Perché votare "sì" al pacchetto in favore dei media. E pensiamo alla stampa come alla cultura
di Andrea Leoni
Inutile girarci intorno: il pacchetto di aiuto ai media in votazione presenta degli elementi controversi. Soprattutto se si approccia alla problematica con una visione nazionale. Nella proposta sostenuta da Consiglio Federale e Parlamento vi sono alcune criticità evidenti, sulle quali i referendisti hanno gioco facile a ricamare la propria campagna. Giustamente, dal loro punto di vista. Il tasto più dolente concerne il sostegno ai grandi gruppi editoriali. Un altro punto scricchiolante riguarda il mancato aiuto ai media sul web che offrono gratuitamente i loro contenuti. Ci sarebbe poi molto da dire sull’omologazione editoriale messa in atto da alcuni grandi editori a livello nazionale. Ma questa è un’altra storia.

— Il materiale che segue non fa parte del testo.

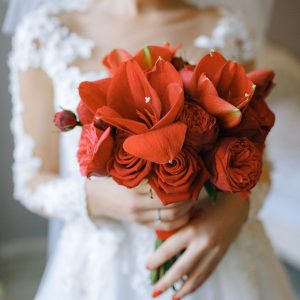 Wedding-71-compressor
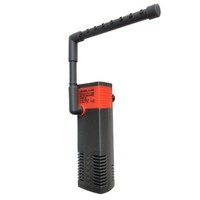 Xilong XL F680 фильр внутренний до 80 л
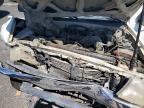 1998 Toyota Tacoma Base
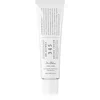 Image de Dr. Althea 345 Relief Cream crème apaisante nourrissante peaux sensibles 50 ml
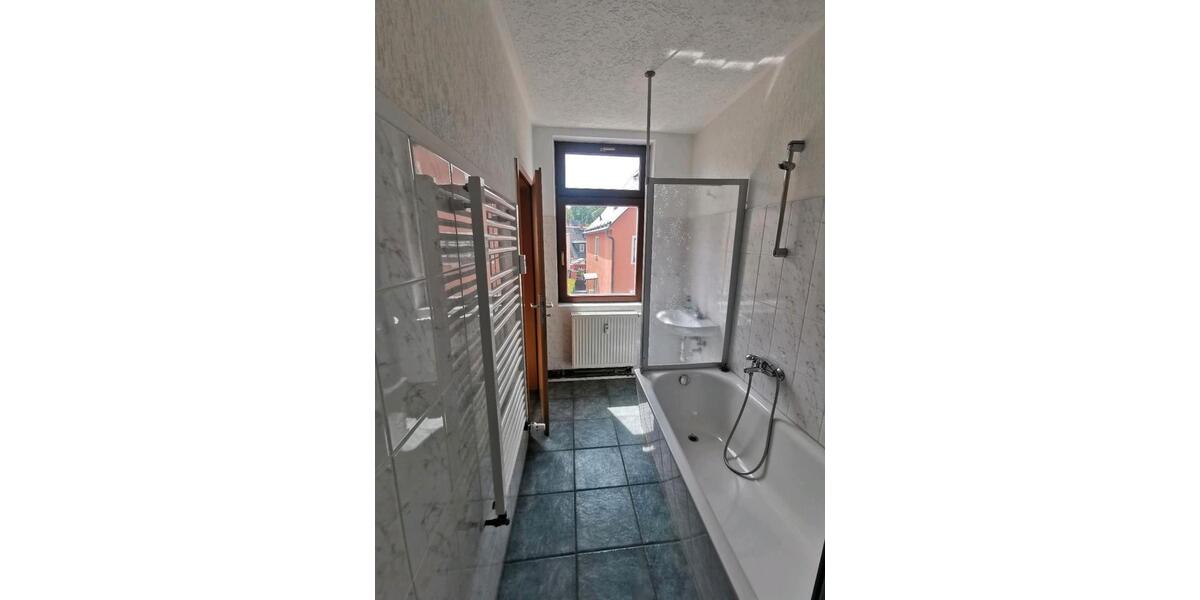 Etagenwohnung Großolbersdorf - 3 Zimmer, 68 m&sup2;, 580&euro; | Angebot:25523440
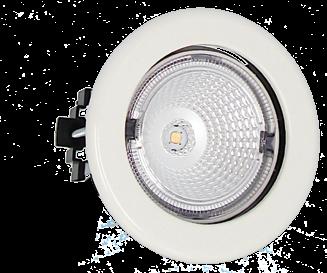 VALAISIMET KODIN TILOIHIN 14 VALONLÄHDE ELINIKÄ ASENNUS TAKUU LED L90 60,000 Ø 108 mm Syvyys 60 mm 5 vuotta TUOTETIEDOT Materiaalit Valotoiminto Kehysvaihtoehdot Kehyksen väri Alumiinirunko Kohdevalo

Il problema sta nel manico. Quando si elargiscono soldi, non potendoli distribuire a tutti, occorre giocoforza fissare dei criteri e ogni criterio crea scontenti e può essere interpretato come arbitrario, ingiusto, sbagliato. Si tratta di fare una ponderazione tra pro e contro. Una delle questioni da soppesare in questa votazione, detto brutalmente, è che per sostenere i media “poveri” vengono aiutati anche i ricchi. A nostro avviso, non essendo mai stati afflitti da invidia sociale, lo riteniamo un compromesso accettabile, soprattutto se il problema è posto su una bilancia ticinese. Dalla prospettiva del nostro Cantone, infatti, risulta del tutto irragionevole opporsi a tale pacchetto. In Ticino non vi sono mega-editori, siamo una piccola realtà regionale che raccoglie briciole di pubblicità - assolutamente non concorrenziale a livello svizzero - ma con molte realtà da raccontare e con un dibattito democratico sempre vivace.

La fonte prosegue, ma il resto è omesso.